If I were going to make some parts that were going to be couplers, rather than threading the pen material itself, what would be the preferred material, or what combination of materials, i.e. would one be plastic, and one metal?  or both a type of plastic or nylon?  

John


----------



## workinforwood (Oct 15, 2009)

I would go for metal pen threads and a plastic/nylon sleeve in the cap section.  This way the metal on the pen looks good and matches the nib section and the plastic in the cap gives you a smooth soft feel and tight fit.


----------



## Kaspar (Oct 15, 2009)

workinforwood said:


> I would go for metal pen threads and a plastic/nylon sleeve in the cap section.  This way the metal on the pen looks good and matches the nib section and the plastic in the cap gives you a smooth soft feel and tight fit.

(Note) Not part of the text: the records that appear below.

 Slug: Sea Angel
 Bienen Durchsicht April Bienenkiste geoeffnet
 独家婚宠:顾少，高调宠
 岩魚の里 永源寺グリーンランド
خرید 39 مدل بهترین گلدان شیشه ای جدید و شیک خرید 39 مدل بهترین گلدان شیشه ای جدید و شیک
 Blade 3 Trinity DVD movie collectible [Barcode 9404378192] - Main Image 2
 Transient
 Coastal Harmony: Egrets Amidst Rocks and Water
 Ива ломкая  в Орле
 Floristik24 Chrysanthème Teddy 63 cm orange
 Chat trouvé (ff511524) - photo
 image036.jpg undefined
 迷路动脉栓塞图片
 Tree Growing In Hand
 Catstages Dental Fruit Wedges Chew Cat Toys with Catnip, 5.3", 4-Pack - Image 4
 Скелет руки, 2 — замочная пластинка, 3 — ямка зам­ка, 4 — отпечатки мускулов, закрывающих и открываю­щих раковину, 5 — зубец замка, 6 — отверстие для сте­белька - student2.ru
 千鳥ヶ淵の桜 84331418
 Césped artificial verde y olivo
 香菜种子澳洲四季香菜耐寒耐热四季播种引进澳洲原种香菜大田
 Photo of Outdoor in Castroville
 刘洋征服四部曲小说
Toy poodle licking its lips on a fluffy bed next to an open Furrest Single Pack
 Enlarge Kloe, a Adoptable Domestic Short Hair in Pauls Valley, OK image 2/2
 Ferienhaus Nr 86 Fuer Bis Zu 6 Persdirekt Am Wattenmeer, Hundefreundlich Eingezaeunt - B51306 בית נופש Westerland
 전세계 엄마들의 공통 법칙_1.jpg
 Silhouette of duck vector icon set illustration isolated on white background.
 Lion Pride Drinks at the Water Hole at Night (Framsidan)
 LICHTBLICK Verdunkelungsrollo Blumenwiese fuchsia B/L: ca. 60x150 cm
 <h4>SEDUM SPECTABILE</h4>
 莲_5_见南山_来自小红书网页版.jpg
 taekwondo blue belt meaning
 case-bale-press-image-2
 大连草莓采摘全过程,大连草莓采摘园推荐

Also, the soft plastic won't scratch up the  nib as you open and close the pen.


----------



## GouletPens (Oct 15, 2009)

What everyone else says....now that I think about it every 'kit' pen I can think of uses metal threads for the nib and plastic for the cap (or a few use plastic on both....).


----------



## bitshird (Oct 16, 2009)

GouletPens said:


> What everyone else says....now that I think about it every 'kit' pen I can think of uses metal threads for the nib and plastic for the cap (or a few use plastic on both....).



Brian the junk Americana flat tops don't and the grip and the nibs get scratched up quite a bit.


----------



## DurocShark (Oct 18, 2009)

My Jr Gents all have metal/metal.


----------



## bitshird (Oct 18, 2009)

IF I remember right so do Barons and Sedonas, but I cant remember for sure wht I had for breakfast two hours ago


----------